Okay, so you keep taking this to a personal level. Meaning singular gamer. You can't do that when talking about metrics and a massively multiplayer game. Destiny (the thing we are talking about) uses metrics because it's one of the few tools you can use to rationally figure out how much people are having fun in a game…

This is not true. You cannot measure fun. A metric can only measure something tangible like "Players use this weapon most" or "tons of people are dying here". There is no "fun had" stat that can be collected.

Thanks for using an example apart from what we were already talking about where I had to google it. I'm assuming you are talking about "Super Street Fighter II Turbo"? If so, that says that it was released in 1994... Yeah, of course you wouldn't need metrics for that game. It's literally a two person on a single TV fighting game.

This is not correct. First of all it was arcade only for a long time. It was a game played by a community of players, both in person at arcades, and at tournaments around the world. The reach was just as 'massive'.

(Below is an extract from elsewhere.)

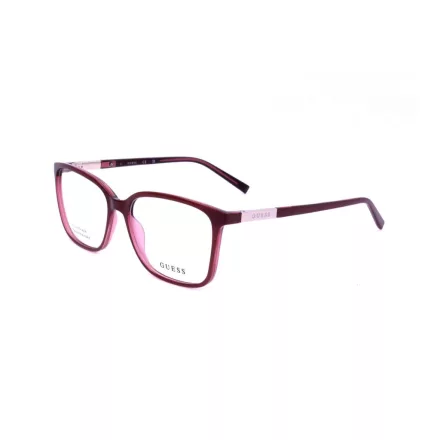 Guess Unisex férfi női Szemüvegkeret GU3016 71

Metrics do not measure fun.


I agree, they don't. But metrics are the best way to figure out if something is working out and thus giving your players the most amount of fun.

Think about a weapon in Destiny. The weapon is overrepresented in the metrics. What would you do? Bungie would nerf. But if people presumably want to have fun, doesn't that mean that more people choosing the weapon indicates they find the weapon most fun? So if you nerf, you remove fun. Is it overpowered? The metric can't really even tell you that. You have to play it and find out what makes the weapon fun to use. And that is entirely experiential.

The games that interest me the most, that entertain me, that wow me, that make me remember them, all have a personal touch. Designing by metrics rounds that out to mediocrity. The best games have personality, not consensus. We value art for it's originality. For what's unexpected and unusual in a pleasurable way.